What you should do → Although pictures appear in the data, the answer should contain only the lines from its start through the line with "To enable this, click", written out exactly.

Provided material →
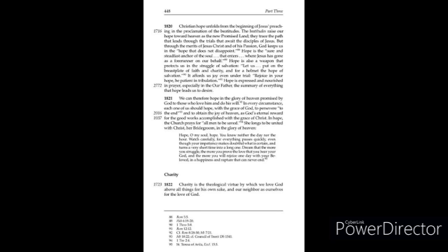In every circumstance, each one of us should hope with the grace of God to persevere to the end and to obtain the joy of heaven as God's eternal reward for the good works accomplished with the grace of Christ.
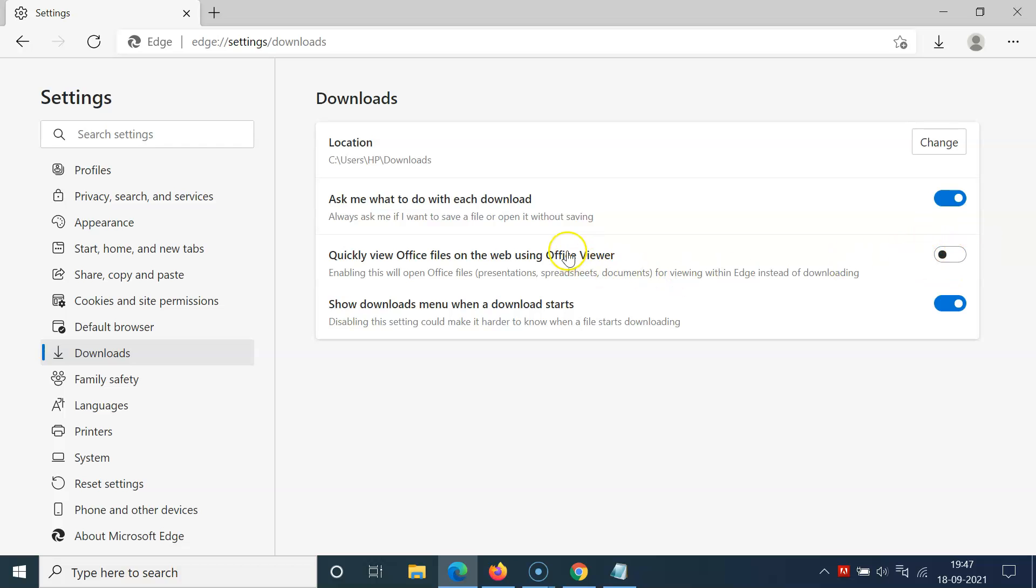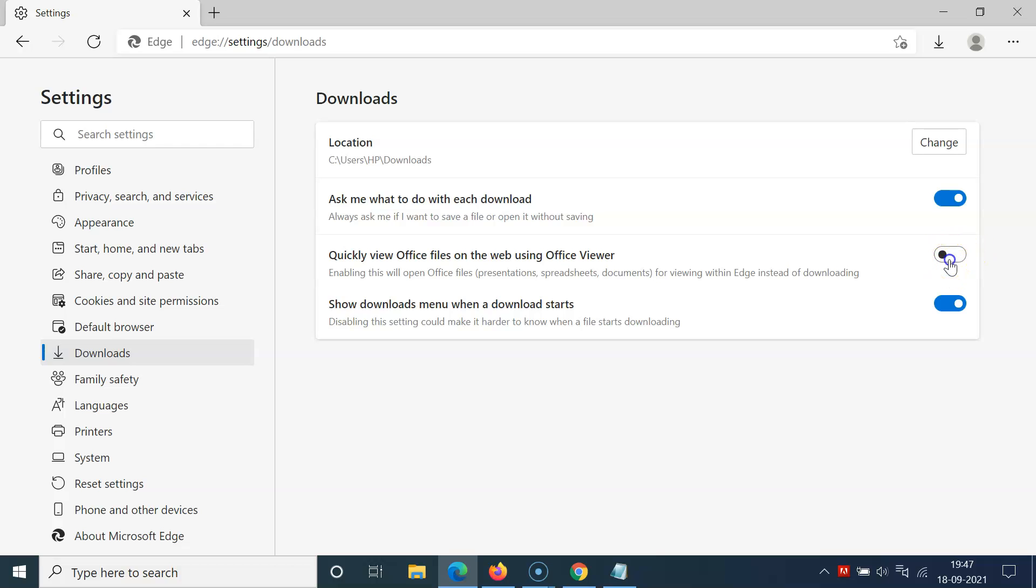To enable this, click on the toggle button so the slider moves to the right. Let me show you. Let me click on this. You can see it's now enabled. It's done. After that, you can close the Settings tab.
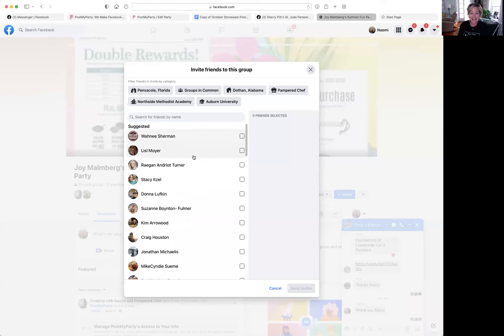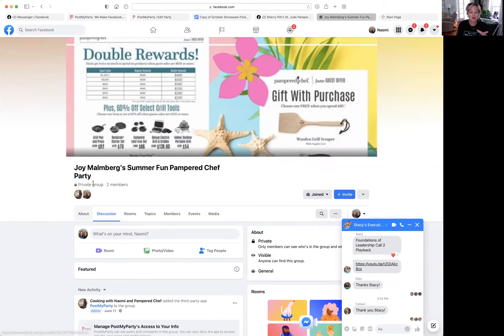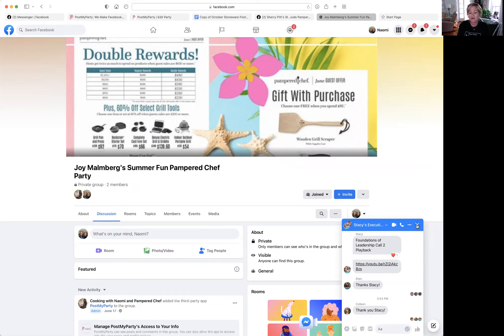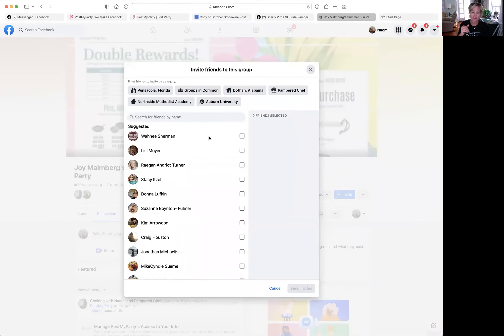Okay, so you want to go into — let's say this is your party page. This is an old party, but I'm part of this — it's Naomi Michaels and Cooking with Naomi. Right here is a blue button. You just push invite. That's it. And it'll populate all your friends.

Output for this task →
In every circumstance, each one of us should hope with the grace of God to persevere to the end and to obtain the joy of heaven as God's eternal reward for the good works accomplished with the grace of Christ.
To enable this, click on the toggle button so the slider moves to the right. Let me show you. Let me click on this. You can see it's now enabled. It's done. After that, you can close the Settings tab.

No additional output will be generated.